» Problem details
Once you find the line below that has "変形性膝関節症、OA、膝の変", output it and every line after it exactly, stopping after the line that has "バッカルファット除去と小顔治療を組み合わせた症例写真", with no pictures.

» Materials provided
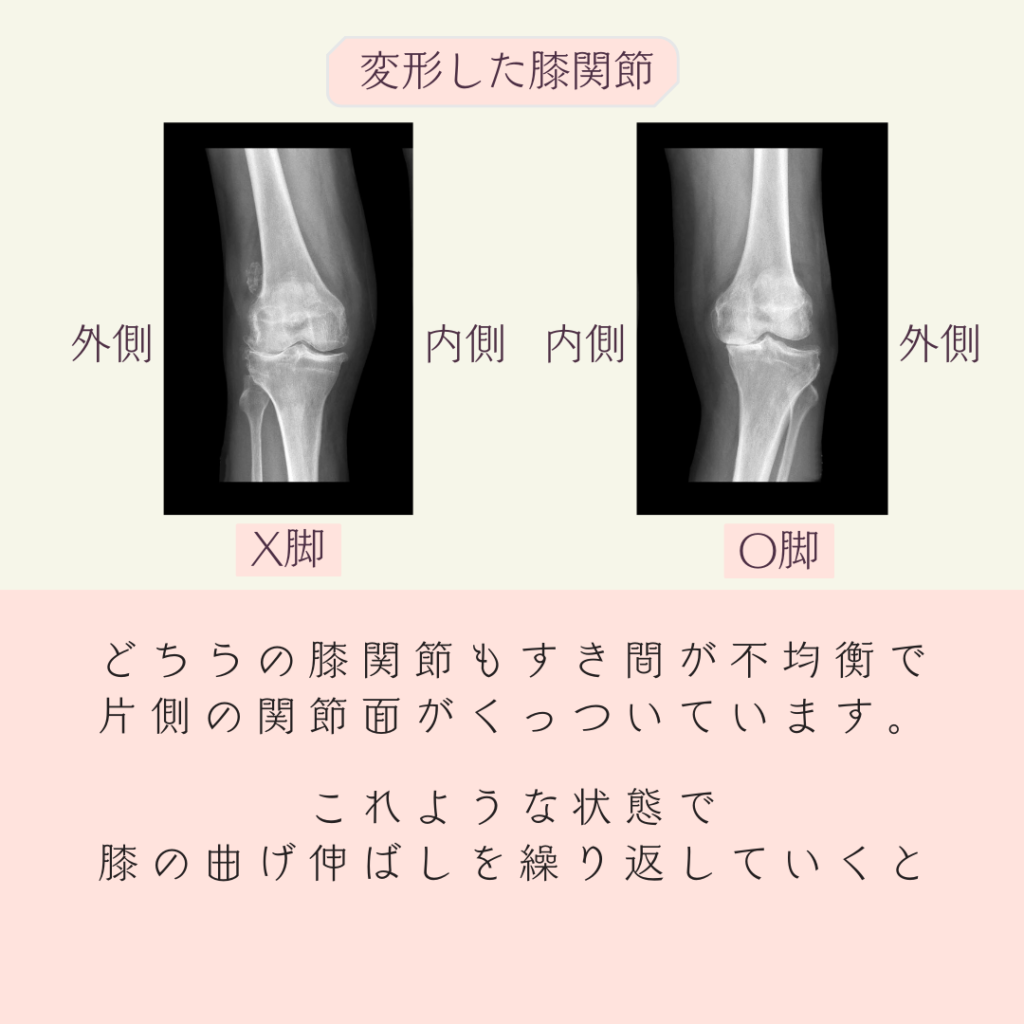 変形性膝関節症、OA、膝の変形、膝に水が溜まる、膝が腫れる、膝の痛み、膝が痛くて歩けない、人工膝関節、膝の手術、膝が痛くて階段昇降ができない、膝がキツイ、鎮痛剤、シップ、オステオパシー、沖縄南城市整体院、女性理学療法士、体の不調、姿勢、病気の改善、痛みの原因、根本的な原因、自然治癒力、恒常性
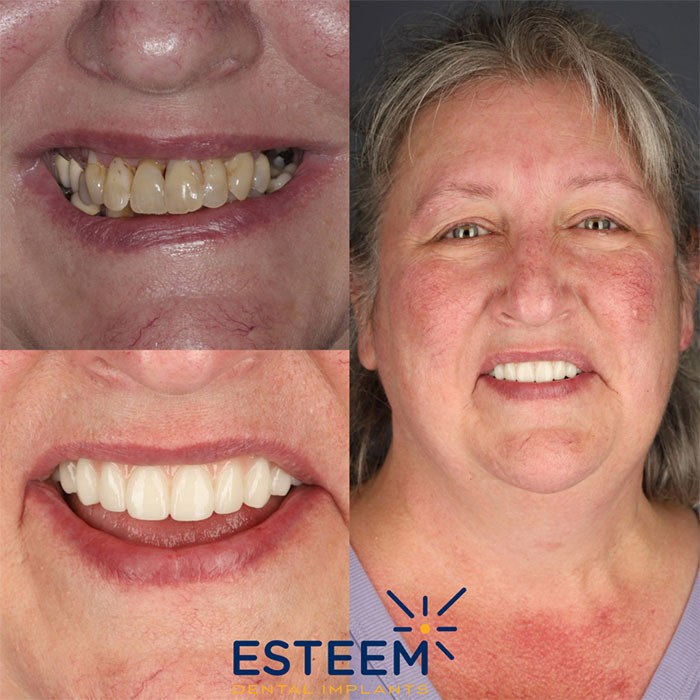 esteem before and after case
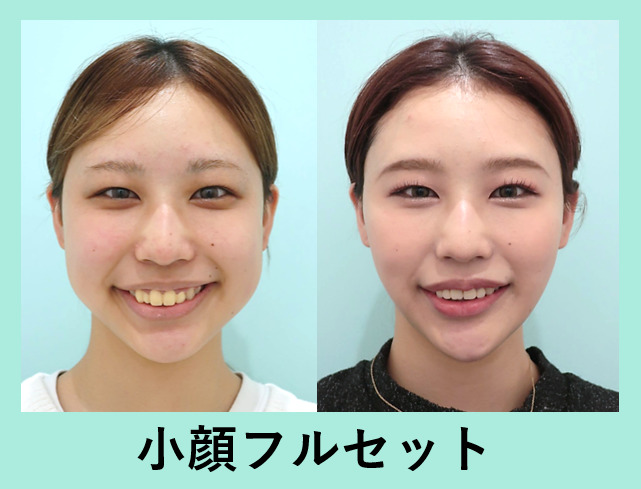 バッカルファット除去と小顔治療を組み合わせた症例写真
--
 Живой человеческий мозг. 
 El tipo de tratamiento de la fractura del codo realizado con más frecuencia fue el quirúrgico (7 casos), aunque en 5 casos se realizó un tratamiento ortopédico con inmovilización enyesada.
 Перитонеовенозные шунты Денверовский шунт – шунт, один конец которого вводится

» Solution below
 変形性膝関節症、OA、膝の変形、膝に水が溜まる、膝が腫れる、膝の痛み、膝が痛くて歩けない、人工膝関節、膝の手術、膝が痛くて階段昇降ができない、膝がキツイ、鎮痛剤、シップ、オステオパシー、沖縄南城市整体院、女性理学療法士、体の不調、姿勢、病気の改善、痛みの原因、根本的な原因、自然治癒力、恒常性
 esteem before and after case
 バッカルファット除去と小顔治療を組み合わせた症例写真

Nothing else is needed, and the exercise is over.